Wellllllllllllll, we got home from Beijing on Thursday and on Monday I got a wild hair to go to Kunming. You see Kunming, the city of Eternal Spring is Charlie's birth city and a GREAT place to visit soooo on Tuesday I bought plane tickets from Beijing to Kunming and train tickets back to Beijing and on Wednesday we left. Yes it's true I was born in the sign of the foot and I don't believe in letting any grass grow under it. So far this winter break the girls have been to school for one week and one day.
On this trip only my friend Nancy accompanied us. You know there are so many things we take for granted in the US, I mean things that I thought everyone knew. You know how we all tend to ignore the airline stewardesses when they are giving their speech on where the oxygen bags are and how to buckle a seat belt???? Well we didn't pay any attention to them here either. I'd buckled the girls in and glanced over at Nancy who was fumbling with her seat belt. It never dawned on me someone wouldn't know how to fasten a seat belt, but when you stop and think about it, few people own their own cars here. Most everyone rides the bus or in taxi's, neither of which have seat belts. So I reached over and showed her how to buckle up.
About half way up to our cruising altitude Julie began complaining that her ear hurt. She'd been fighting a stuffy nose and I think it must have plugged up her ear as well. About a minute after she started saying her ear hurt I guess the pain really became something because my mild mannered little daughter was now crying hysterically, kicking her feet and practically screaming with pain. Nothing worked, we tried yawing, sucking fingers, holding her nose and blowing, chewing gum. Finally in desperation I remembered a trick I'd heard once and had Nancy ask the stewardesses for a paper cup and a wash rag that was wet with very hot water. At first they brought me a slightly warm rag and I asked them for a really hot one. I put the hot wet rag in the cup and put it up to her ear. It worked like a charm and her ears popped. I think the stewardesses will remember that one.
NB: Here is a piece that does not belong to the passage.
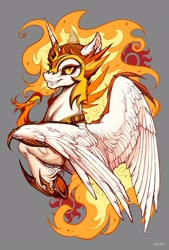 Size: 1378x2039 | Tagged: safe, artist:paipaishuaige, daybreaker, philomena, alicorn, phoenix, pony, g4, duo, ear fluff, fangs, female, gray background, grin, horn, looking at you, mare, simple background, smiling, spread wings, sun, unshorn fetlocks, wings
After Julie stopped crying, Nancy handed me a handful of tissues to wipe my wet face and eyes off with. I think I was crying as hard as Julie was at that point. The rest of our flight was pretty uneventful. I had a nice new hot rag for our decent.
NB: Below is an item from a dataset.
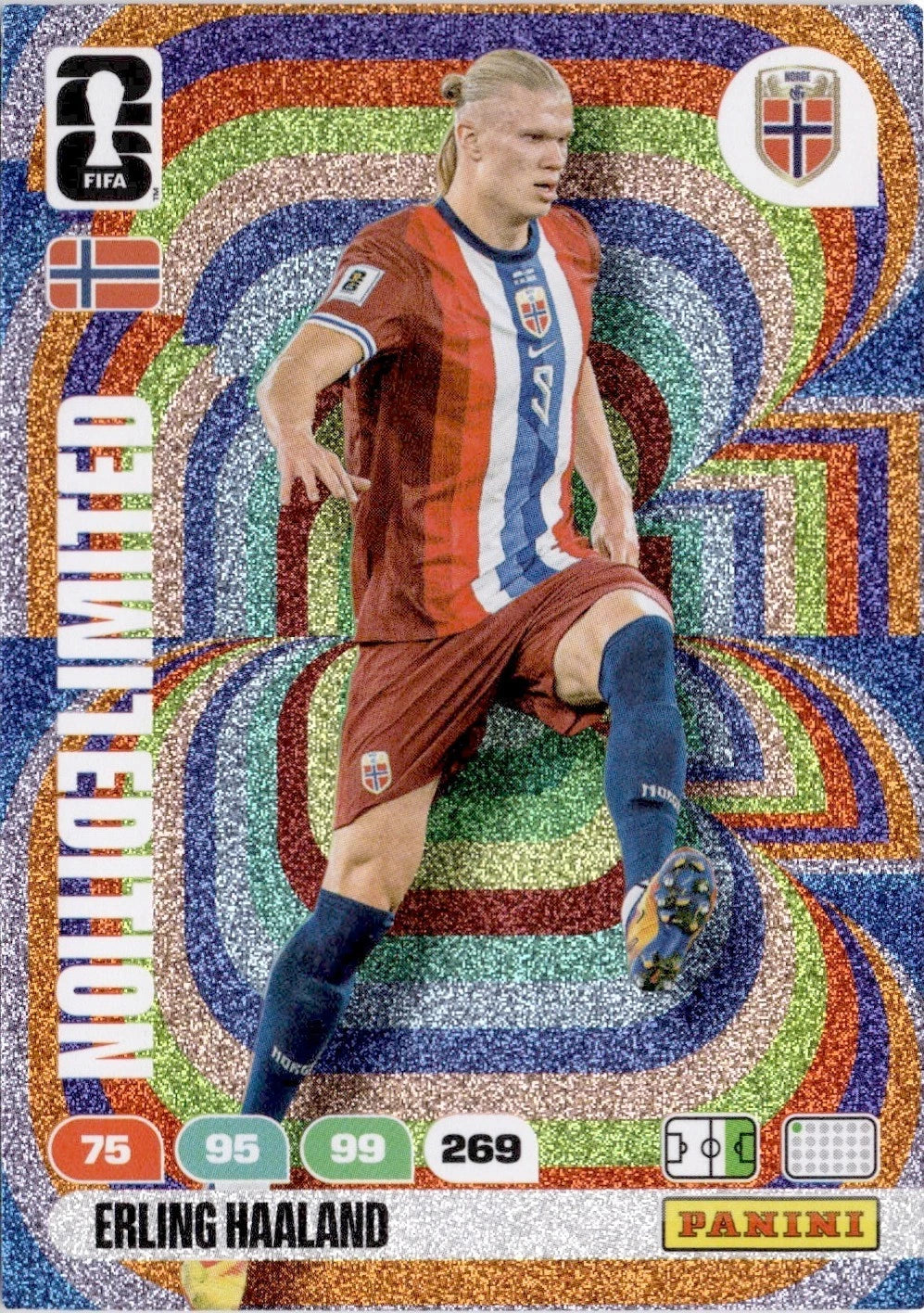 Erling Haaland Limited Edition Panini FIFA 365 2026 Rainbow Foil Card | Norway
We had no idea where we were going to stay once we got to Kunming. I had the Lonely Plant Guidebook and was just going to get a cab driver to take us to one of the hotels recommended in there. The lady sitting next to Nancy on the plane was a tour guide and she suggested we check with the travel agents located in the airports and use them to get us a room. We did just that and did we ever get a deal. I asked them to show me the hotels that accepted VISA and limited our choices to those. We stayed at a 4 star hotel in downtown Kunming for only $25.00 per night and this wasn't even the cheapest hotel they showed us. We boarded the free shuttle bus and off we went. Nancy and I were really pleased with our find. The posted room rate was over $60.00 per night, but because we'd booked with the travel agents we'd saved a ton of money.
After settling into our room we broke out the Lonely Planet and set out on our first adventure. We took a cab over to Yuantong Temple. It's the largest Buddist complex in Kunming. It's over 1200 years old but has been renovated many times. We walked all over the grounds and I ran into another westerner. She was a teacher at Yunnan University in Kunming. She was with her mother and aunt who were visiting her (I wish my mother and aunt.....either one of them, would come and visit me...hint hint!!!) The complex was very beautiful and we spent quite a while there taking pictures and enjoying the scenery.
We then headed over to Cuihu Park. It is an absolutely wonderful park in the middle of the city. There were flowers and green plants everywhere. After living in the north where we are in the middle of winter, seeing green living plants was very refreshing. We walked all over the park and stopped to let the girls ride a few rides in the amusement part of the park. There were several people flying kites and we watched them for a while before leaving. I'd seen on the map that Yunnan University was very close to the park, but I didn't realize it was right across the street. The Lonely Planet had said there were several good noodle restaurants close to the main gate of the campus. We found the gate and restaurants as promised. We chose a nice looking restaurant and went in.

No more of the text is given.